1. The problem statement, all variables and given/known data

Knowing that the equation:
$$X^n-px^2=q^m$$
has three positive real roots a, b and c. Then what is
$$log_q[abc(a^2+b^2+c^2)^{a+b+c}]$$
equal to?

2. Relevant equations

$$a + b + c = -(coefficient \ of \ second \ highest \ degree \ term) = -k_2$$

$$abc = -(constant \ coefficient) = k_4$$

$$a^2 + b^2 + c^2 = (coefficient \ of \ second \ highest \ degree \ term)^2-(coefficient \ of \ third \ highest \ degree \ term) = k^2_2-2k_3$$

3. The attempt at a solution

First I assumed X^3 is equal to k_1x^3 and so x^3 = X^3/k_1.

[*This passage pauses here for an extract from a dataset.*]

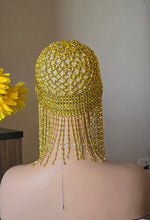 Charger l'image dans la galerie, Accessoire de tête élégant avec perles dorées pendantes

$$X^n-px^2=q^m\\ x^3-\frac{p}{k_1}x^2-\frac{q^m}{k_1}=0\\ k_2=-\frac{p}{k_1}\\ k_3=0\\ k_4=-\frac{q^m}{k_1}\\ a+b+c=\frac{p}{k_1}\\ abc=\frac{q^m}{k_1}\\ a^2+b^2+c^2=\frac{p^2}{k^2_1}\\$$
$$log_q[abc(a^2+b^2+c^2)^{a+b+c}]=\\ \frac{q^m}{k_1}(\frac{p^2}{k^2_1})^{\frac{p}{k_1}}=\\ log_q\frac{q^mp^{\frac{2p}{k_1}}}{k_1^{1+\frac{2p}{k_1}}}=\\ log_qq^mp^{\frac{2p}{k_1}}-log_qk_1^{1+\frac{2p}{k_1}}=\\ log_qq^m+log_qp^{\frac{2p}{k_1}}-log_qk_1^{1+\frac{2p}{k_1}}=\\ m+\frac{2p}{k_1}log_qp-(1+\frac{2p}{k_1})log_qk_1=\\$$

If I substitute (X^3)/(x^3) for k_1 I have an equation that only resembles the possible answers if X = x or X = -x, which makes me think that either X was a typo and they meant x. Or that somewhere in the problem statement they tell you about something that according to some property of polynomials makes X = x or X = -x implied.

Is there some weird property of polynomial that I don't know that would help me solve this problem? What is it?

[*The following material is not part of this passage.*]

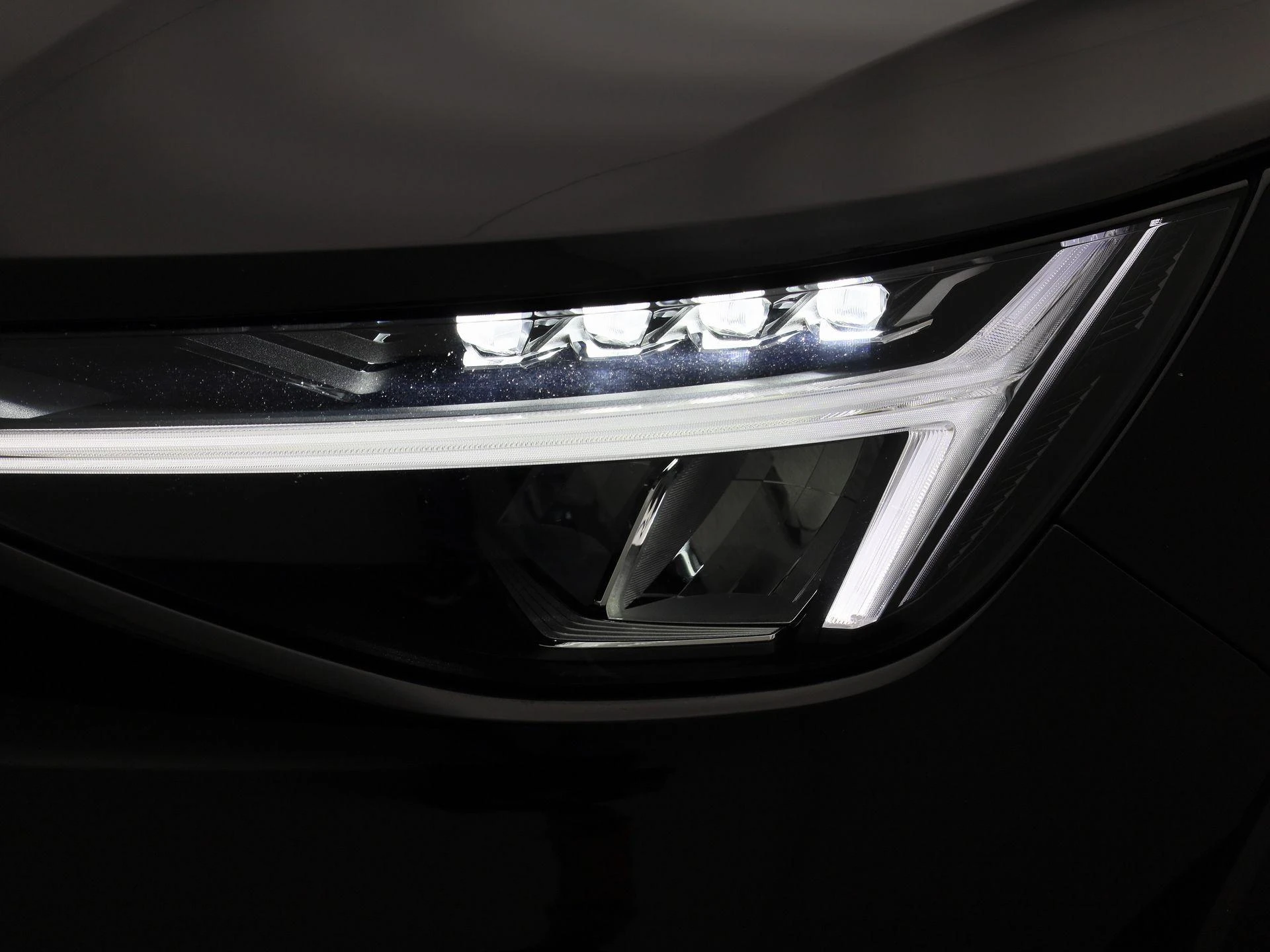 Volvo-XC40-image-14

EDIT: Sorry for the latex error..

Last edited: Nov 5, 2012
2. Nov 5, 2012

### ehild

I think x and X mean the same, otherwise it would be explained.

ehild

3. Nov 5, 2012

### V0ODO0CH1LD

Doesn't the fact that the coefficient on the x^1 term is 0 mean that the coefficient on the x^3 term has to be zero or something of that nature?

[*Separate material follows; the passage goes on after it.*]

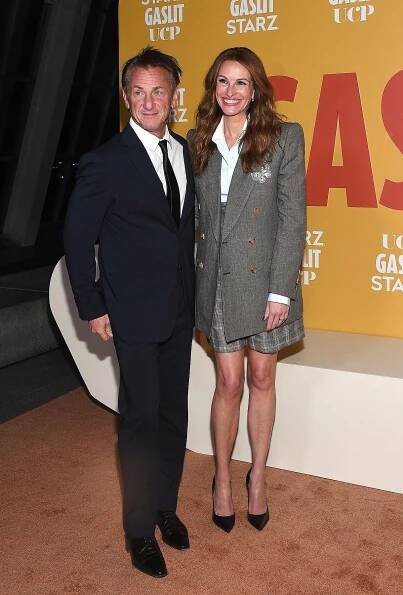 Julia Roberts ukázala své dlouhé štíhlé nohy v elegantním kostýmku s kraťásky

EDIT: Doesn't the fact that the coefficient on the x^1 term is 0 mean that the coefficient on the x^3 term has to be ONE or something of that nature?

4. Nov 5, 2012

### Staff: Mentor

Since there is no x term, but there is an x2 term, it is reasonable to assume that the coefficient of x is 0. However, you can't assume that xn means x3. You are given this statement:
xn - px2 = qm has three positive real roots a, b and c. That doesn't necessarily imply that the equation is a cubic. What this says to me is that of all roots, three of them are real and positive. Any other roots could be negative or nonreal.

5. Nov 5, 2012

### V0ODO0CH1LD

I haven't thought of it like that, but you have a point. How would I proceed then? Do I actually have to find the real roots? I have no clue as to how I am supposed to do this now..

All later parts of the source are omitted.